Relax, I’m not about to preach to you. In fact, come to think of it, not much preaching — you know, the familiar “repent or perish” sermons — took place during the conference. It was just men getting real with each other, confronting their issues (heaven knows they are many!) and just aspiring to become better men in life.
The image of the man has come under severe strain and criticism for some time now. There are just too many absent fathers out there, too many wife-beaters, too many unemployed men who can’t fend for their families and there are also too many men out there who are not keeping it real with their women. The advice columns in many a woman’s magazine buttress the latter point.
Hence, there is an urgent need to redefine and repair this image if men are going to be allowed to take an integral part in building violence-free, crime-free, poverty-free, educated and respected societies that can productively contribute to the growth and development of our countries.
But this redefinition and repair also needs certain reclamation of the language we use to refer to men. The bar has been set too high for most men. If they do not match up to the characteristics Superman, Incredible Hulk, Batman, Flash Gordon or Iron Man then they are basically emasculated, literally and figuratively. Such is the weight of expectations resting upon the shoulders of the male figure to deliver. As a result, there has been a massive shortage of heroes in society, according to this deeply flawed set standard at least. There just haven’t been sufficient “heroic acts” to warrant an equation of a lot of men to Superman, for example.
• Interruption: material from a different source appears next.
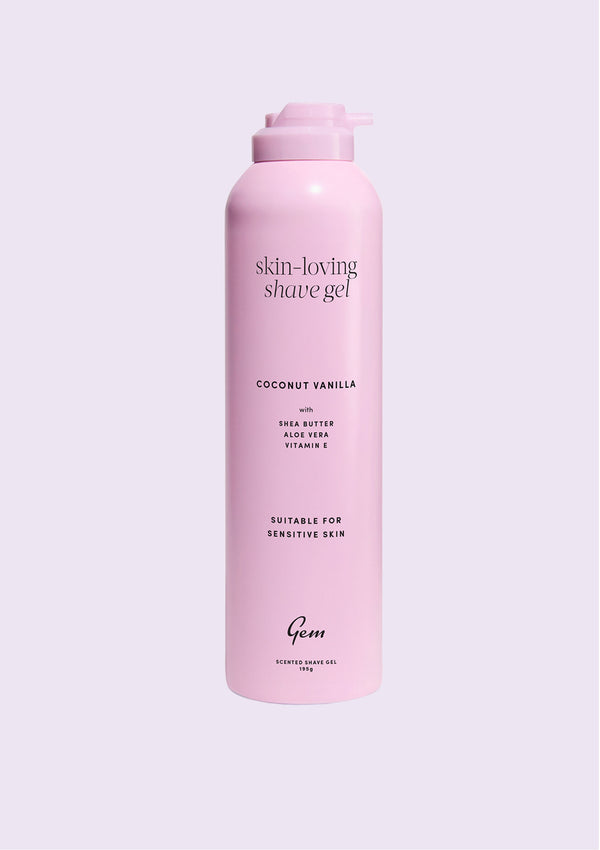Skin-Loving Shave Gel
Yet, there are plenty of uncelebrated everyday heroes out there, men who are giving themselves selflessly to labour for their families, to put food on the table, to give their children lives they never had themselves and to love, cherish and respect the women in their lives and treat them as princesses. They don’t have superpowers and for doing that — just being themselves — they will never make the front page of any newspaper.
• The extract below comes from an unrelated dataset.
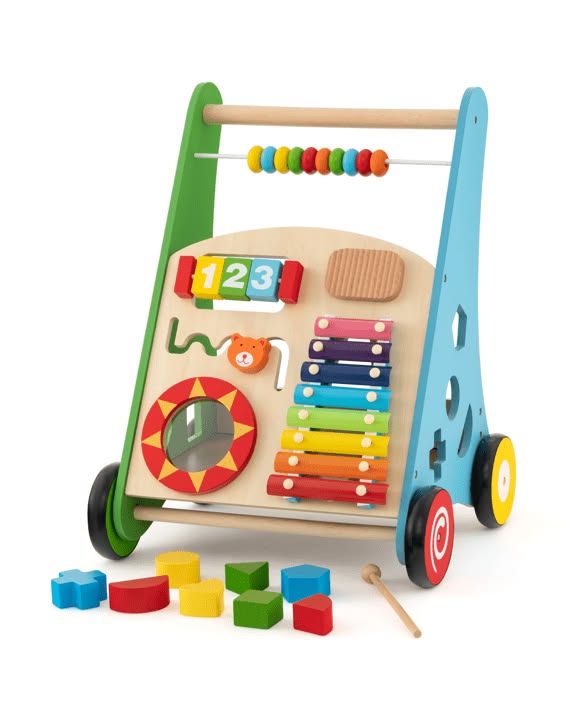 DIDACTIC BABY WALKER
Perhaps a biblical analogy of the story of David is in order at this point. From Sunday school we are told the epic story of David’s defeat of the Philistine giant Goliath. But no one ever speaks of all the lone battles the young would-be-king fought with lions and bears as he tended his father’s sheep. No one even bothers to make the connection that this background is what later led him to overcome fears of confronting an animal of a different kind, Goliath the giant.
Every man has his own fears. He also has his own weaknesses, as even David himself — a man God declared was after His own heart — would realise after seeing a naked and very married Bathsheba take a bath in the open one fine day. More men need to be told that it is okay to fail or fall at some point in life as long as they are willing to bounce back and try again because ultimately, it is your attitude and response in the face of fear or other adversity that determines what heroic acts one is going to pull, witnesses or not.
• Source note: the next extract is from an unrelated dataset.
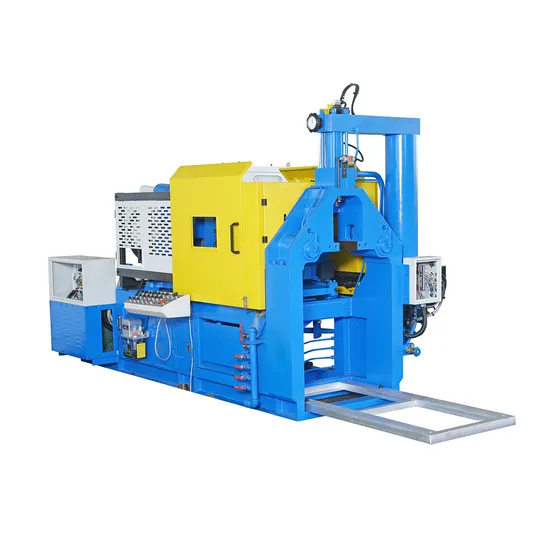 90t Zinc/Lead Metal Die Casting Machine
This existing Macho-man School of Male Life from which plenty have graduated is nothing but a savage attack on the ability of men to be comfortable with and in being themselves. Their real selves. As a result, a lot of men have led secret lives, choosing rather to forcefully fit into and strenuously exhibit the socially constructed image of “man”.
Sometimes the real hero is not a father throwing money for a new PlayStation console at his son but one who is actually taking the time and effort to kick the ball with him in the field.